[Image description: a light-skinned person with dark brown glasses is facing into the camera. Her eyes are partly closed from smiling. She wears a light green dress. Behind her are open areas of grass and trees.]

[Image description: a light-skinned person with dark brown glasses is facing into the camera. Her eyes are partly closed from smiling. She wears a light green dress. Behind her are open areas of grass and trees.]
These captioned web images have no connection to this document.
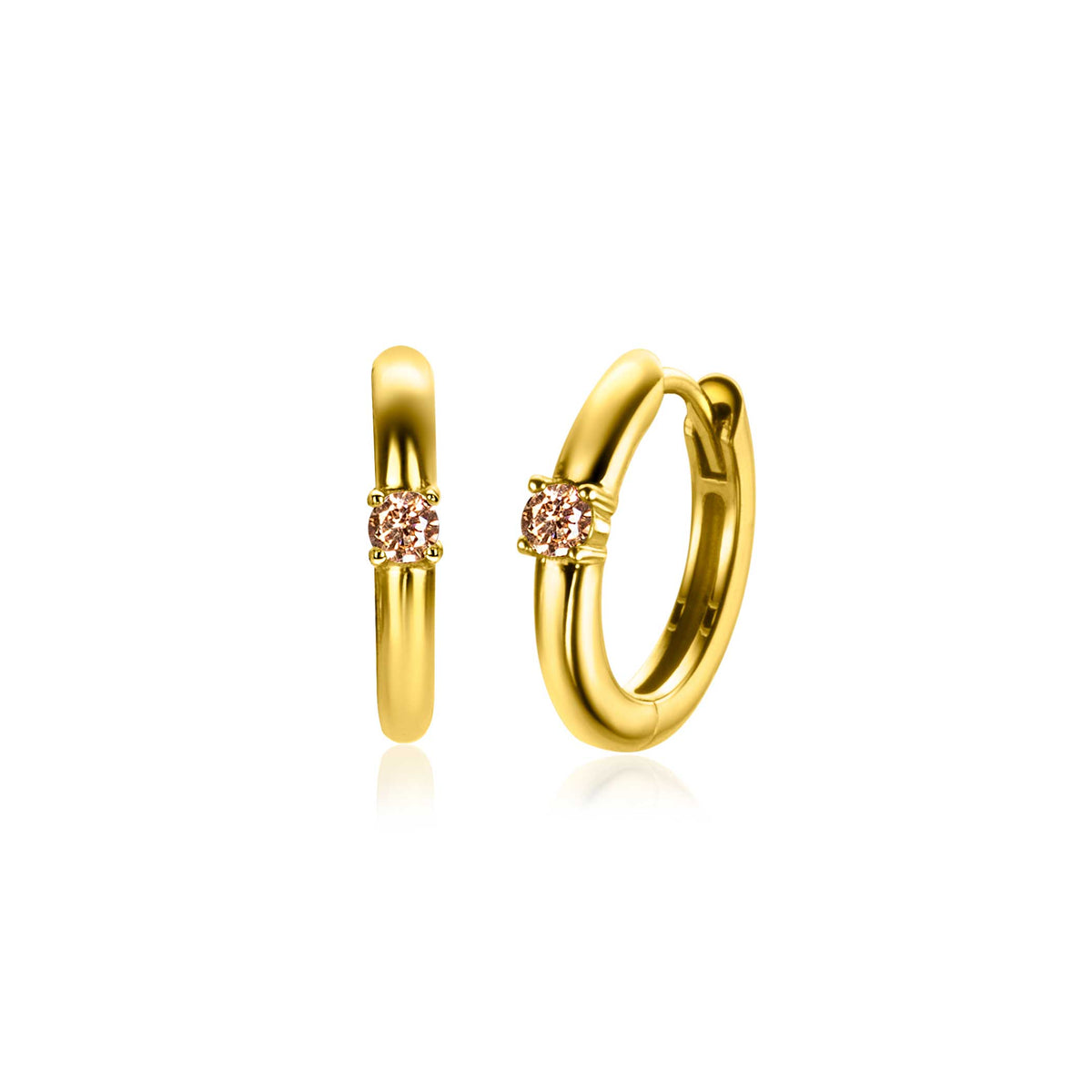 Orecchini alla creola placcati oro con dettaglio centrale in cristallo rosa.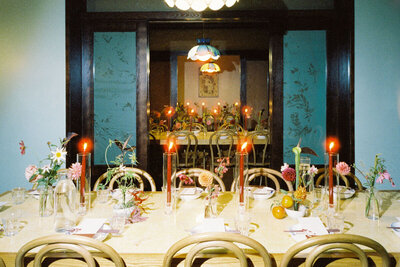 beautiful wedding reception at Cafe China in NYC captured on 35mm Cinestill film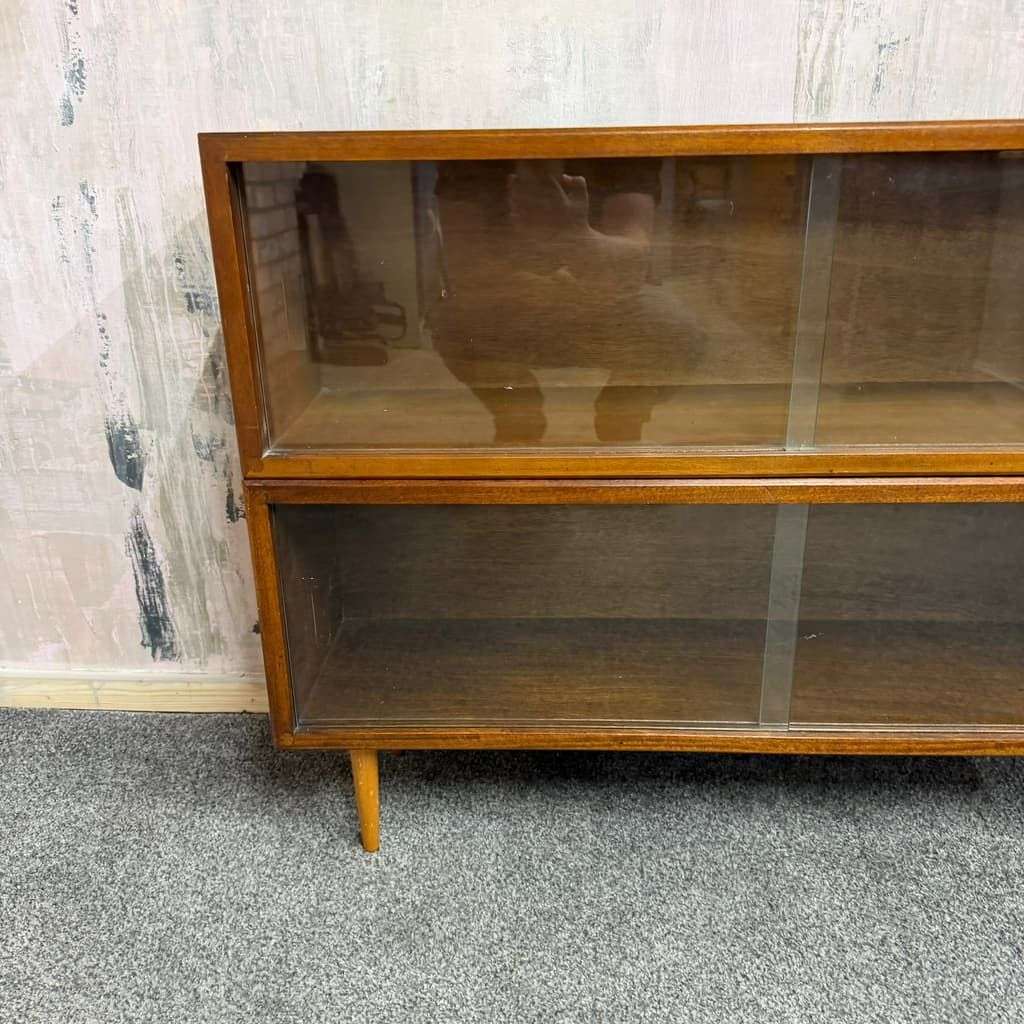 Pair Mid Century Herbert E Gibbs Glazed Low Bookcases Tapered Legs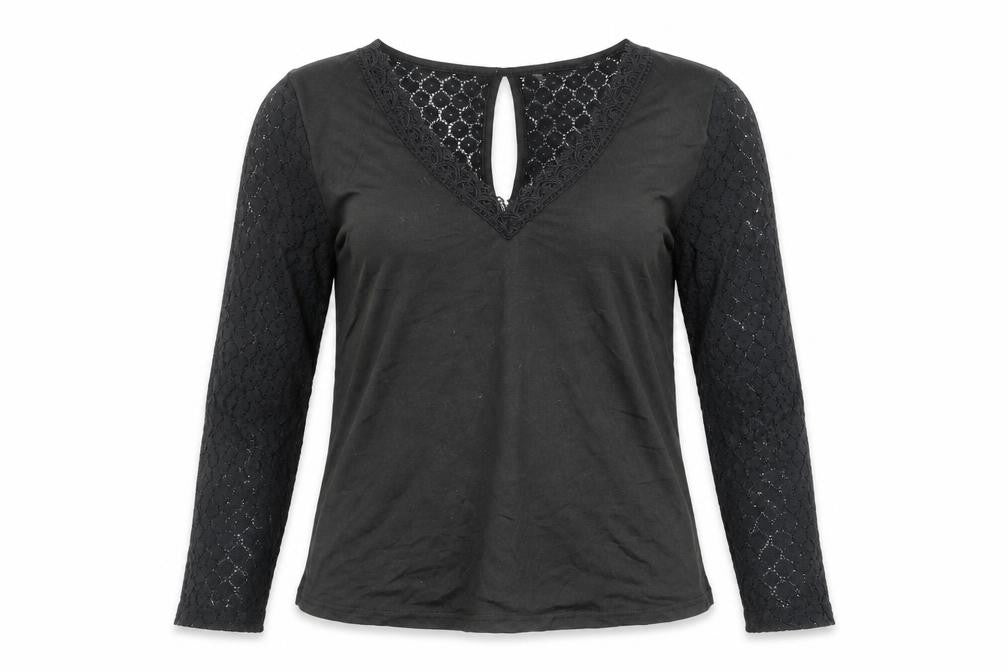 Womens UK Size M Shien Black Basic Blouse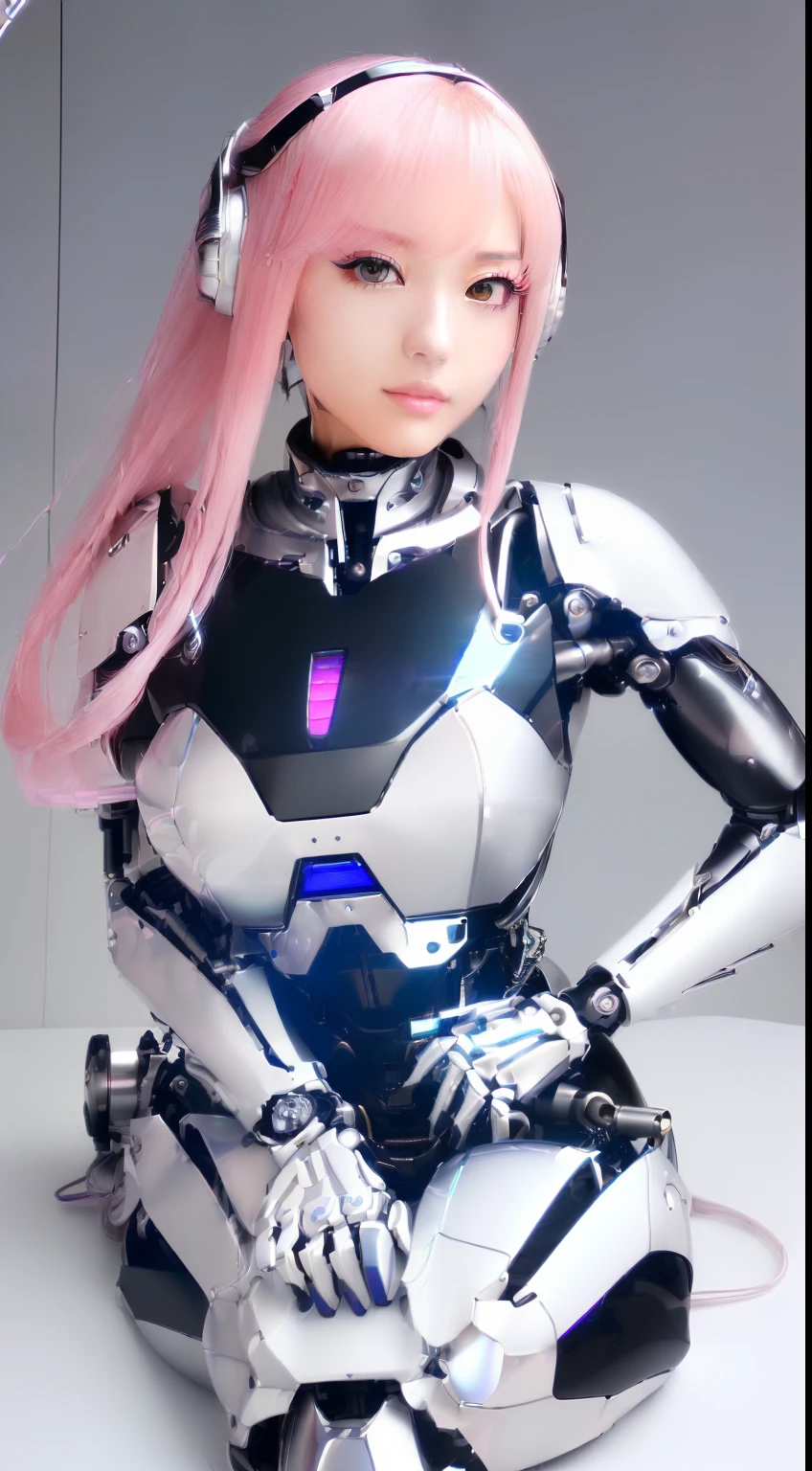 ((masutepiece)), ((top-quality), high quarity、ultra-definition, Realistic, (Ultra-fine face)、fulcolor 、One beautiful robot police woman、(Mechanical joints:1.1)、Parts of the machine、Thick wire joints、White porcelain mechanical armor、(Curvaceous face)、deadpan、Normal mouth、pink straight hair、((Electronic substrate))、Take photos from head to knee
Research Interests: critical disability studies | feminist STS | digital humanities | labor studies | crip technoscience | D/deaf studies | ethics of care | access studies | history of technology | future of work

email: louhicky(@)gmail.com

Louise Hickman is an activist and scholar of communication, and uses ethnographic, archival, and theoretical approaches to consider how access is produced for disabled people. Her current project focuses particularly on access produced by real-time stenographers and transcriptive technologies in educational settings. She uses an interdisciplinary lens drawing on feminist theory, critical disability studies, and science and technology studies to consider the historical conditions of access work, and the ways access is co-produced through human (and primarily female) labor, technological systems, and economic models and conditions. Hickman has previously served as an access consultant for β€˜Catalyst: Feminism, Theory and Technoscience,’ a peer-reviewed, open-source journal advocating for a platform where access remains a reflexive, collaborative, and distributed effort in digital and disability design. She is currently a member of the Critical Design Lab. She holds a PhD in Communication from the University of California, San Diego, and is currently working on her first manuscript: β€œThe Automation of Access.”

Since 2016, Louise has also worked as an access consultant and speaker for Parkeology, a U.S. based public art program.